Collection

The Collection class represents a Dataverse collection, also referred to as a “sub-dataverse.” Collections are organizational units that group related datasets together, creating a hierarchical structure within a Dataverse installation. Think of collections as folders or categories that help organize and structure research data.

In Dataverse, collections serve multiple purposes: they organize datasets by research area, department, project, or any other organizational scheme; they can have their own metadata and settings; and they can contain both datasets and other collections (sub-collections), creating a nested hierarchy. This hierarchical organization makes it easier to navigate large Dataverse installations and helps researchers find relevant datasets.
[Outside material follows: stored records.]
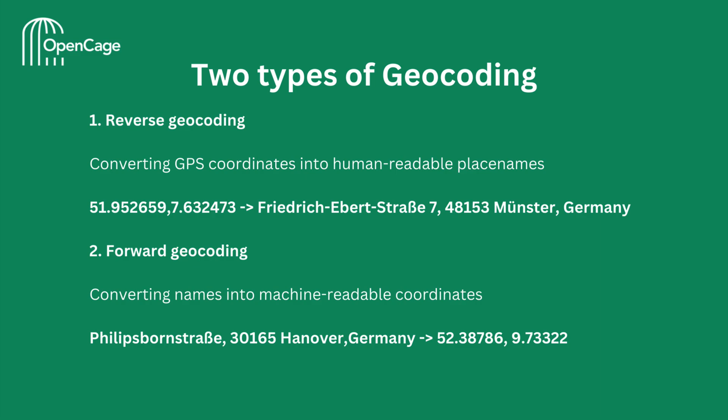There are two types of geocoding: reverse geocoding and forward geocoding. Reverse geocoding is when you convert GPS coordinates into place names. Forward geocoding is when you convert place names into machine-readable coordinates. Here we see an example for each type of geocoding. The code examples in this video are focused on reverse geocoding. If you're interested in forward geocoding, check out our tutorial video for that.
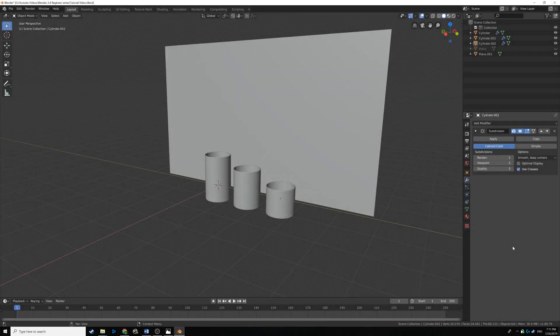Hello everyone and welcome back to part 4 of our Blender 2.8 tutorial series. Today we're going to be making the candles for our object and maybe get around to texturing a bit.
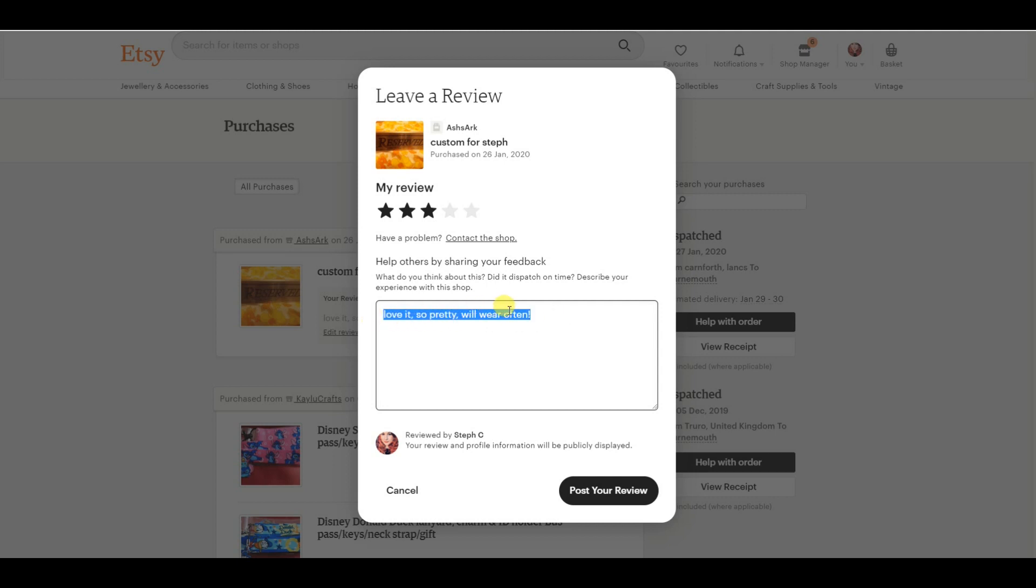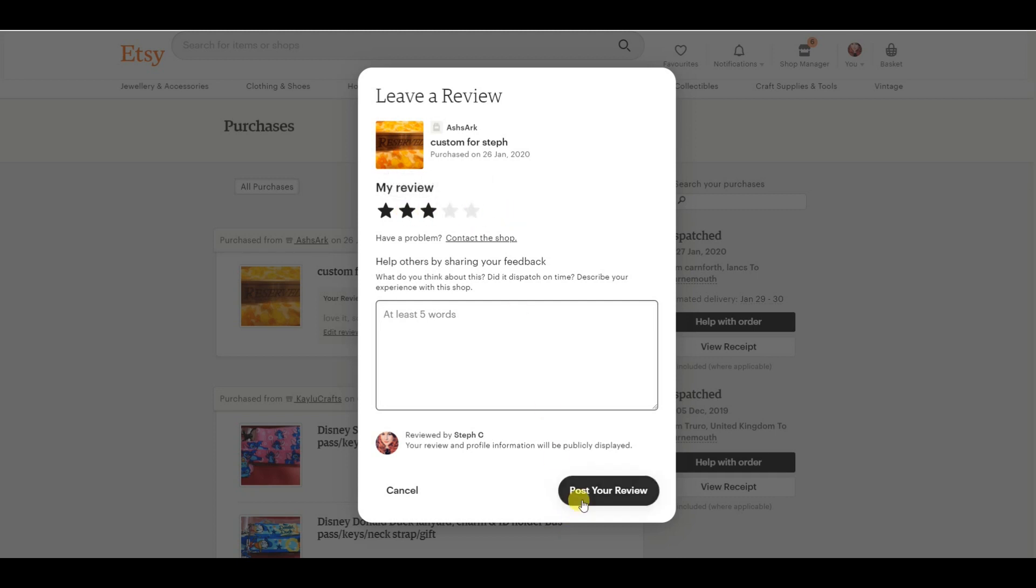You can change your review and then you can literally edit everything that you have already put. So for example, if you didn't like an item and an Etsy shop owner has fixed it for you and it's all okay, you can then change your review. So you can literally put anything you want to in here, you can change the star rating in here and then you can click post your review.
This class provides a convenient interface for working with collections, including accessing collection metadata, browsing datasets and sub-collections within a collection, creating new datasets and sub-collections, and managing collection properties. It abstracts away the complexity of working with Dataverse’s API while maintaining full access to collection functionality.

Overview

The Collection class encapsulates all operations related to a Dataverse collection, providing a unified interface for working with collections throughout their lifecycle—from creation through ongoing management and content organization.
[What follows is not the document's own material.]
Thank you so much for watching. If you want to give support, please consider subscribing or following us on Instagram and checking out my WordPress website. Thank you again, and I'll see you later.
The class handles several key responsibilities:

Metadata management: Access and update collection metadata, including name, description, affiliation, and contact information. Collections have their own metadata that describes their purpose and organization.
Content browsing: Access datasets and sub-collections within the collection through convenient view objects that support both iteration and dictionary-like access. This makes it easy to explore what’s available in a collection.
Dataset creation: Create new datasets within the collection, automatically configuring them with the metadata blocks enabled for that collection. This ensures datasets created in a collection conform to the collection’s requirements.
Sub-collection management: Create and manage sub-collections (nested collections) within the collection, enabling hierarchical organization of research data.
Metadata block configuration: Access information about which metadata blocks are enabled for datasets created within the collection. Different collections can have different metadata block configurations.

Attributes

A Collection instance contains a key attribute that identifies it:

identifier (Union[Literal[":root"], str, int]): The unique identifier for the collection. This can be:
- The special value ":root" for the root collection (the top-level collection in a Dataverse installation)
- A string alias (a short, memorable name like "harvard" or "research-lab")
- An integer database ID assigned by the Dataverse server

The identifier determines how the collection is accessed and referenced. String aliases are human-readable and stable, while database IDs are internal identifiers that may change if data is migrated. The :root identifier is a special case that refers to the root level of the Dataverse installation.

Accessing Collections

Collections are typically accessed through the Dataverse class or as sub-collections of other collections:

from pyDataverse import Dataverse

dv = Dataverse("https://demo.dataverse.org")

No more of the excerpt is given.